Je pénétrais dans la chiotte, mettais le loquet. Maudissais la mauvaise découpe de la planche qui permettait à l’élève basketteur de zyeuter sans complexe l’autre élève accroupi. Déjà, comme mise en confiance, on repassait.

Le falze baissé, le caleçon sur les genoux, je devais d’une main retenir les deux pour ne pas qu’ils pendouillent dans la pisse fraîche (les toilettes pour homme : le palais de la gouttelette égarée) et de l’autre je tentais de prendre appui sur le mur, cherchant un coin sec ou, n’en trouvant pas, au pire, je balançais la main en avant, remuant l’air pour donner une balance et un point d’équilibre à un corps qui tanguait dangereusement au dessus du trou. Qui donnait sur le gave.

Ça aussi, hein.
L’idée qu’un Gave National puisse majestueusement, dix bons mètres en dessous, accueillir mes fèces me tétanisait. J’imaginais un bruit sourd, épais, qu’on eût entendu des mètres à la ronde, faisant tourner des têtes moqueuses vers les gogues : « tiens, Weasley a pondu sa caillasse ».
J’imaginais une carpe faisant ses courses de carpe, entre les algues et les racines des saules, au fond de l’eau et qui se faisait assommer subitement, sans rien avoir demandé à personne.
Je m’imaginais à sa place, dans mon jardin, dévasté par des tombereaux de merde d’un Air Inter Lourdes/Nice passant à des kilomètres au dessus de ma tête, libérant ses cuves au passage des forêts landaises. Par citoyenneté, par humanisme, je ne pouvais me résoudre à chier dans un gave sur un poisson. Non.

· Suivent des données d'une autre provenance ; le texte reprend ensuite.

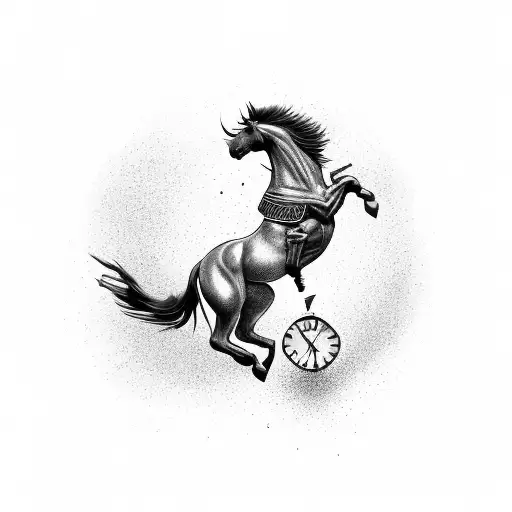 A Horse Jumping Over A Flaming Clock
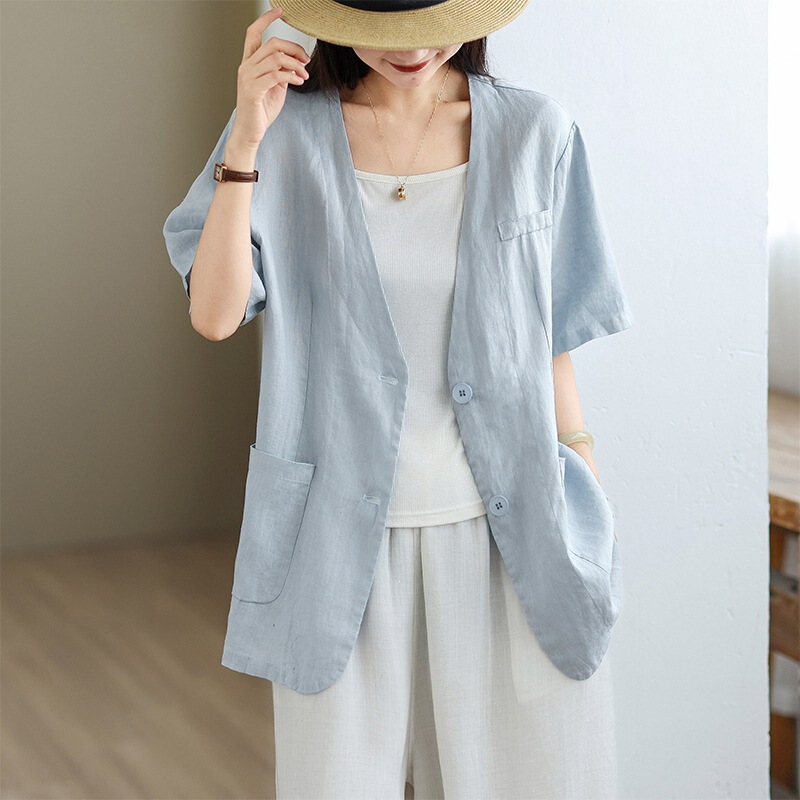 Real Shot of a Vintage-Style Solid Cotton-Linen Short-Sleeve Blazer for Women, Summer Single-Breasted Cardigan Outerwear in Hemp Blue Real Shot of a Vintage-Style Solid Cotton-Linen Short-Sleeve Blazer for Women, Summer Single-Breasted Cardigan Outerwear in Hemp Blue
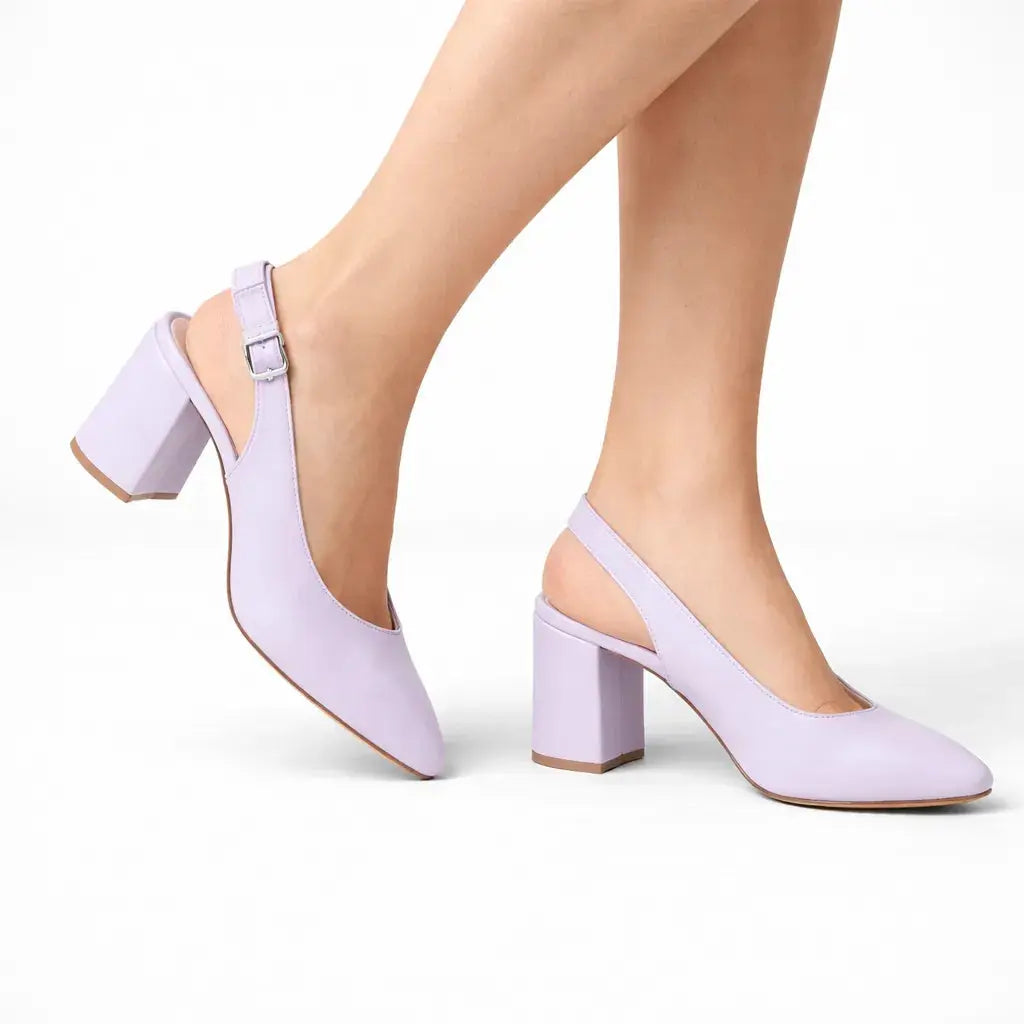 Lila Bilekten Bağlamalı Kalın Topuklu Ayakkabı MA-028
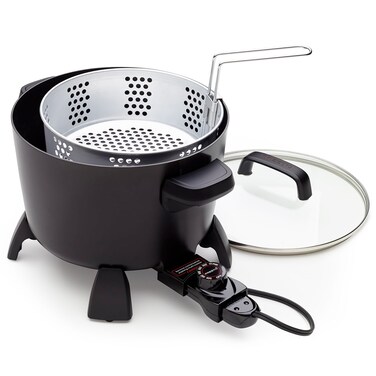 Presto 8Quart Big Kettle Steamer and Deep Fryer MultiCooker Black
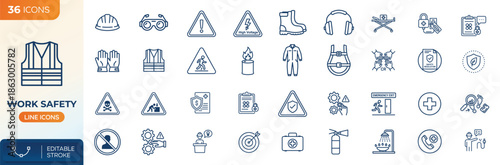 Work safety line editable icons set. Workplace protection symbols, helmet warning equipment health regulation. Editable stroke. Vector illustration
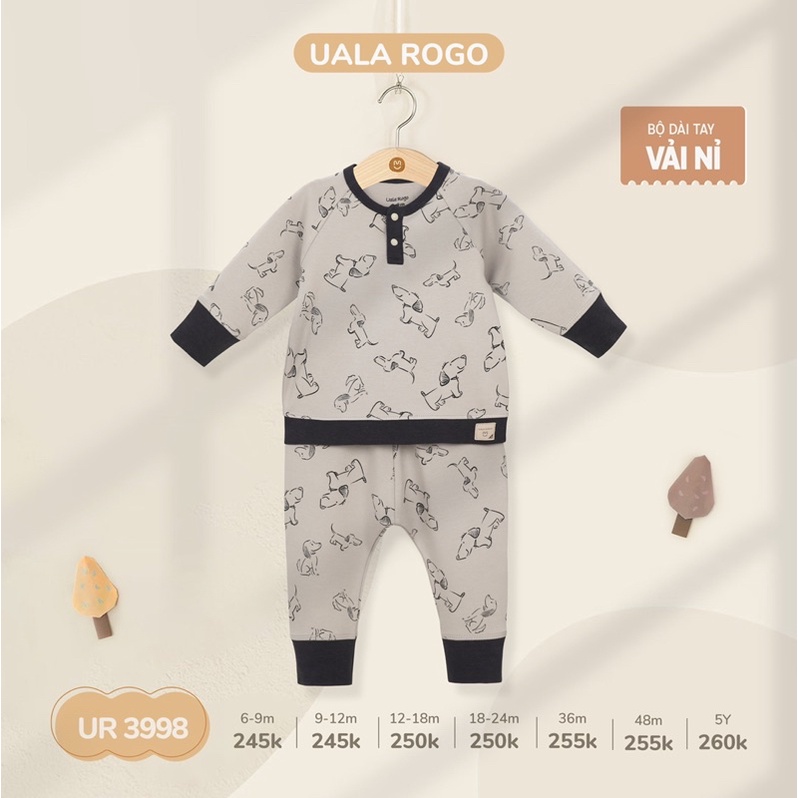 Bộ Quần Áo Dài Tay UalaRogo thu đông chất nỉ cho bé 6 tháng đến 5 tuổi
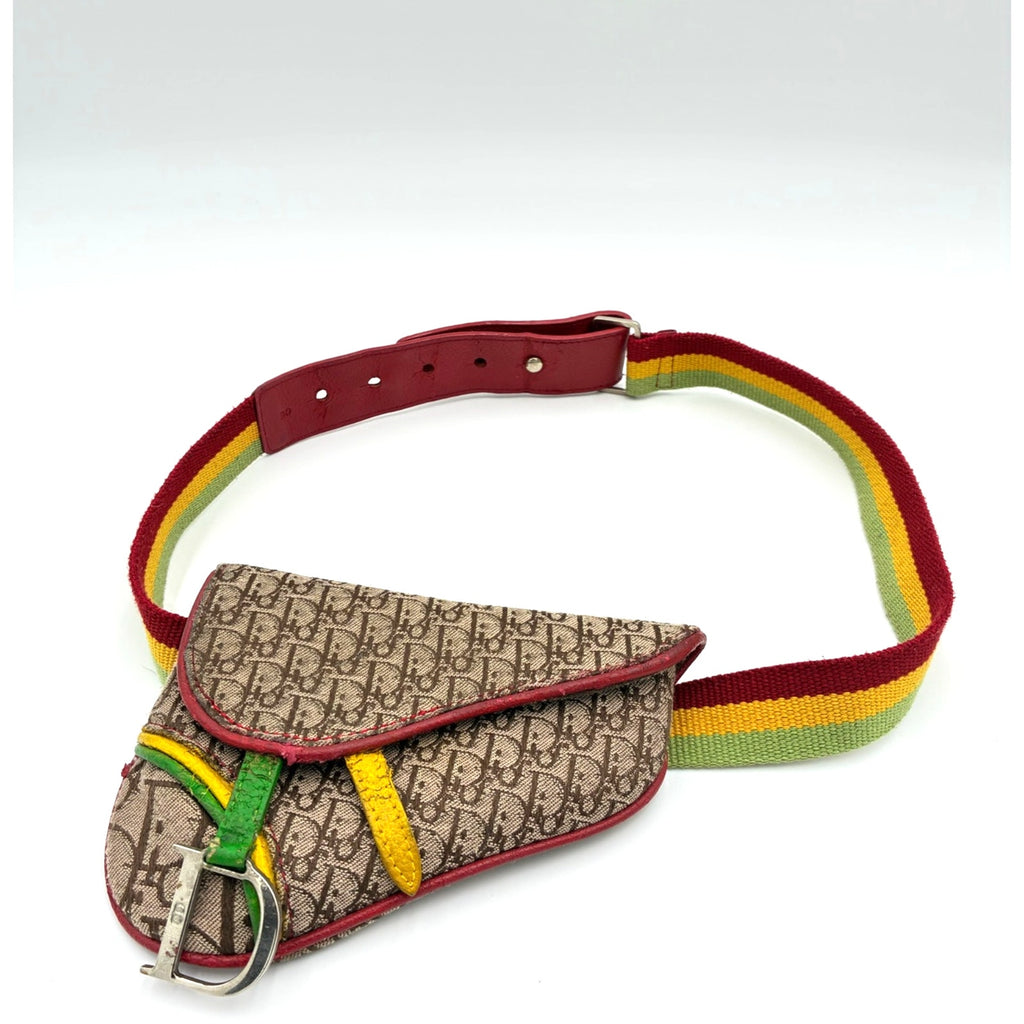 John Galliano 2004 Rasta Trotter Mini Saddle Belt Bag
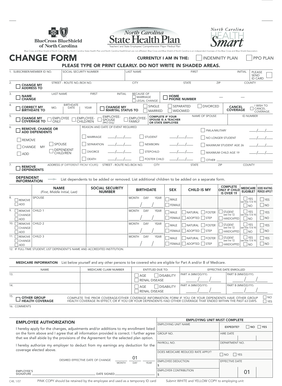 North Carolina Health Insurance Change Form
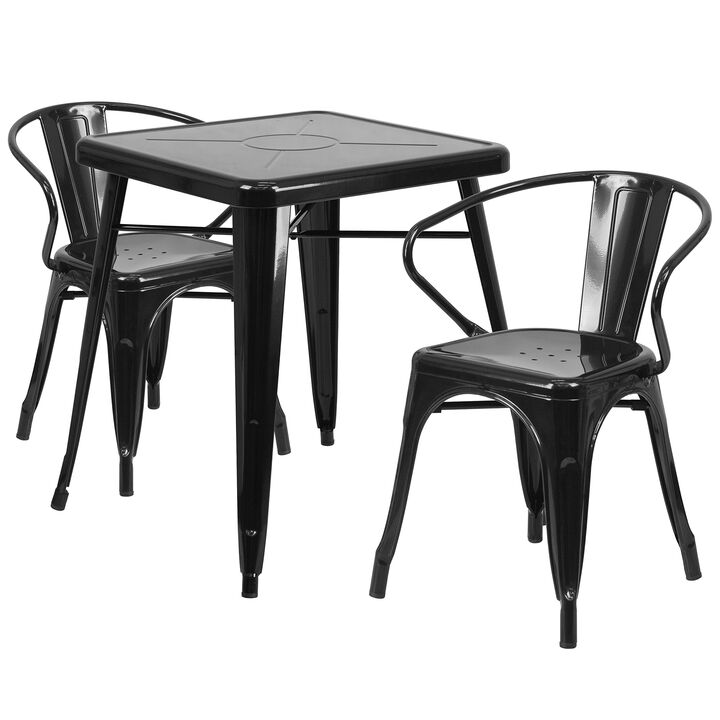 Flash Furniture Commercial Grade 23.75" Square Black Metal Indoor-Outdoor Table Set with 2 Arm Chairs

Je perdis treize kilos cette année là. Et je réussis à me coller une occlusion, pendant les fêtes de fin d’année.
Le réveillon tombant un samedi, je partis chargé le dimanche comme un charter Air Caraïbes un matin de vacances de Février. Au mercredi soir, bouillant de fièvre, le ventre tendu comme un trampoline, je finis à l’infirmerie. Alors que Sœur Marie-Aimée me questionnait sur mon mal-être, je sentais déjà la joie m’envahir. Dieu Tout Puissant, dans sa miséricorde, m’avait accordé une grâce et me donnait le loisir d’évacuer mes excès festifs dans les toilettes réservées au personnel, mes prières étaient exaucées !
Je me frottais les mains, j’exultais presque, nappé de bonheur comme seuls les appelés du Très Grand peuvent l’être.

Je vis alors Sœur Marie-Aimée se lever, partir vers un placard à l’entrée, l’ouvrir et en revenir avec un grand seau bleu. Qu’elle posa à côté du lit, près d'un large rouleau de sopalin, en s’excusant platement :
- Tu devras faire tes besoins ici, les toilettes de l’infirmerie sont hors d’usage depuis une semaine. Ne t’inquiète pas pour le seau, fais ce que tu as à faire, je viendrai le vider moi-même demain. Et ne te soucie pas de moi, j’ai l’habitude…

Je perdis tout un pan de ma foi ce jour là.